Éditos
En juillet 2013, Paris-Sorbonne (aujourd’hui Sorbonne Université), avec la collaboration de la SFLGC et de 35 universités partenaires, accueillait le XXème Congrès de l’Association Internationale de Littérature Comparée. Alors que le comparatisme est partout mais la littérature comparée de plus en plus menacée, en tout cas dans les lieux où elle s’est d’abord développée, en Europe et en Occident, il s’agissait de marquer la présence de la discipline, non pas dans une perspective de défense disciplinaire corporatiste mais pour affirmer que le comparatisme représente une approche critique – « Le comparatisme comme approche critique ? », telle était l’interrogation qui donnait son titre au Congrès et tel est, sous sa forme affirmative, le titre de la série de six volumes qui en est le prolongement et qui regroupe, dans les deux langues officielles de l’AILC (français et anglais), une sélection des interventions du Congrès et les contributions théoriques sollicitées dans le cadre du séminaire régulier qui a accompagné le processus éditorial.
L’ensemble témoigne de la vitalité et du renouvellement de la discipline, à la fois en termes d’origine géoculturelle des contributions et en termes d’approches et de questionnements. Dans un corpus déjà fourni d’ouvrages qui, depuis au moins les travaux de Marcel Detienne (Comparer l’incomparable) ou Gayatri Spivak (Death of a Discipline), réfléchissent aux enjeux de la comparaison, aux fondements et au renouvellement de la discipline, la spécificité du présent ensemble tient à son ampleur et son ambition. Aucun des textes n’entend présenter un état des lieux de la discipline à quelque échelle que ce soit ; aucun ne prétend « comparer les comparatismes » ; certains prennent assurément position sur telle ou telle évolution de la discipline et nombreux sont les textes qui se répondent ou se font écho parce qu’ils envisagent des aspects proches du comparatisme.

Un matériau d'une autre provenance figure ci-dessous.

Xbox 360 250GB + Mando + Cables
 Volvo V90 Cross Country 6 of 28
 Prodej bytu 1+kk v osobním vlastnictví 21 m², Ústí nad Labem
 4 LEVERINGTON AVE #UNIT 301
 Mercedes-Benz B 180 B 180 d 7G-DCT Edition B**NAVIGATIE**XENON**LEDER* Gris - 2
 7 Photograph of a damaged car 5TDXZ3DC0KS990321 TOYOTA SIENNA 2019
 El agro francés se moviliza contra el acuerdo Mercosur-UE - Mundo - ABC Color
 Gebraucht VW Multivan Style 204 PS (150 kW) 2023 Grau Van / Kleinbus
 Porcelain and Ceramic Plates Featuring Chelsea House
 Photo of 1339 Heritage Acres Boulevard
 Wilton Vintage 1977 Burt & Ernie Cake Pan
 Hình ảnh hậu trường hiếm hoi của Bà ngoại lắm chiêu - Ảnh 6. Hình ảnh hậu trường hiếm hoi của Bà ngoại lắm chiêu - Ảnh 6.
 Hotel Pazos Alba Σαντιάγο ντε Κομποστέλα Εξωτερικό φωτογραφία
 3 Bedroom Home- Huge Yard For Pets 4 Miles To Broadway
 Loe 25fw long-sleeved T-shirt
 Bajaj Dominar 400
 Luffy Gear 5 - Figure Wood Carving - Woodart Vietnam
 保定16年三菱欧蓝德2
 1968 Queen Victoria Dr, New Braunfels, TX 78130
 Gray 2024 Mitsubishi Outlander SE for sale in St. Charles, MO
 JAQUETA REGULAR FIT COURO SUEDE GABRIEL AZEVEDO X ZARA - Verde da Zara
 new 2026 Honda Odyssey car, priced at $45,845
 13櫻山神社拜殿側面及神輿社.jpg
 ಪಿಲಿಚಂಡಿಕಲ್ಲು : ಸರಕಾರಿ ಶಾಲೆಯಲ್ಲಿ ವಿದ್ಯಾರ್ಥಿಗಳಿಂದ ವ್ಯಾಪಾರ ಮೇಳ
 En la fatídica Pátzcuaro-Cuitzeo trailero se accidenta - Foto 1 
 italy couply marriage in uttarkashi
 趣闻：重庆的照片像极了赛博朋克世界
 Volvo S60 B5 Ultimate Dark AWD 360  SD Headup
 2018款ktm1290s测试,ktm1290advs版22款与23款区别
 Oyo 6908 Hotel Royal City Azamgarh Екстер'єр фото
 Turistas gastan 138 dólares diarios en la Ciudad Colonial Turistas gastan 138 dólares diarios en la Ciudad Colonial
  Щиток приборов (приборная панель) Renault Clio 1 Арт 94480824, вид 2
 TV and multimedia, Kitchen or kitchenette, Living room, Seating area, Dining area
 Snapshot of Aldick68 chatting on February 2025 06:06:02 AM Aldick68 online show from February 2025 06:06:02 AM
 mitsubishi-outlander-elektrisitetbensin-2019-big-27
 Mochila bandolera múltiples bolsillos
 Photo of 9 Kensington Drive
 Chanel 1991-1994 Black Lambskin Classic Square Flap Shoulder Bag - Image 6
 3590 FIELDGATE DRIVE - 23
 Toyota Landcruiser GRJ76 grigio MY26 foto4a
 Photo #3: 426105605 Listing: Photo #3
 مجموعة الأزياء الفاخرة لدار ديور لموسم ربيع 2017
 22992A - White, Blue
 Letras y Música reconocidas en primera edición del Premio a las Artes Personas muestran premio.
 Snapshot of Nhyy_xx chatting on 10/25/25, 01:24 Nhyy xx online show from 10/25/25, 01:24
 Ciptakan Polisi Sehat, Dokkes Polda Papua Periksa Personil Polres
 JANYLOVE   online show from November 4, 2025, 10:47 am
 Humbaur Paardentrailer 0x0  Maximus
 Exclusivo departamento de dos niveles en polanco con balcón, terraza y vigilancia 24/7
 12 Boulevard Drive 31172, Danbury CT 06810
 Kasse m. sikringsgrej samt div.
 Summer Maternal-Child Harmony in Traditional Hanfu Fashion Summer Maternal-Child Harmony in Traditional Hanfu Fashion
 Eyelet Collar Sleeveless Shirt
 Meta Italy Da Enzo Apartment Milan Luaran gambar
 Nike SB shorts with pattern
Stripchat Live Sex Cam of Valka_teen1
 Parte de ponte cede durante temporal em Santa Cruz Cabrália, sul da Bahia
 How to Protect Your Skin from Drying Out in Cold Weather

Ce que tous les textes ont en commun est de revendiquer, plus ou moins explicitement et fermement, une démarche et une approche comparatistes, dans des domaines disciplinaires qui dépassent le champ littéraire et même celui des sciences humaines puisqu’ils concernent également le droit comparé, les sciences biologiques et les sciences dites « dures ».
À l’heure où la mondialisation économique affecte toute l’économie du livre et de la culture, où le développement des nouvelles technologies de la communication conduit à repenser radicalement tant le statut de l’auteur que celui du texte et du lecteur, et où la montée des nationalismes, concomitante de la mondialisation économique, s’accompagne de remises en cause de notions aussi centrales pour tout comparatiste que celles d’étranger et d’altérité, s’il n’est plus à démontrer que le comparatisme ne se décline pas au singulier et qu’il n’y a pas une et une seule méthode comparatiste mais bien des comparatismes, les variations dans ce que recouvrent les démarches et approches se revendiquant comparatistes que donnent à lire les présents volumes permettent de prendre la mesure effective de la diversité des pratiques et donnent concrètement la matière pour une comparaison des comparatismes. Les différents parcours que les lecteurs choisiront à travers les textes leur permettront de construire une telle comparaison, ou plutôt des comparaisons – comparaisons des modalités de construction des objets d’étude, comparaisons des façons de problématiser les enjeux de l’approche, comparaison des démarches.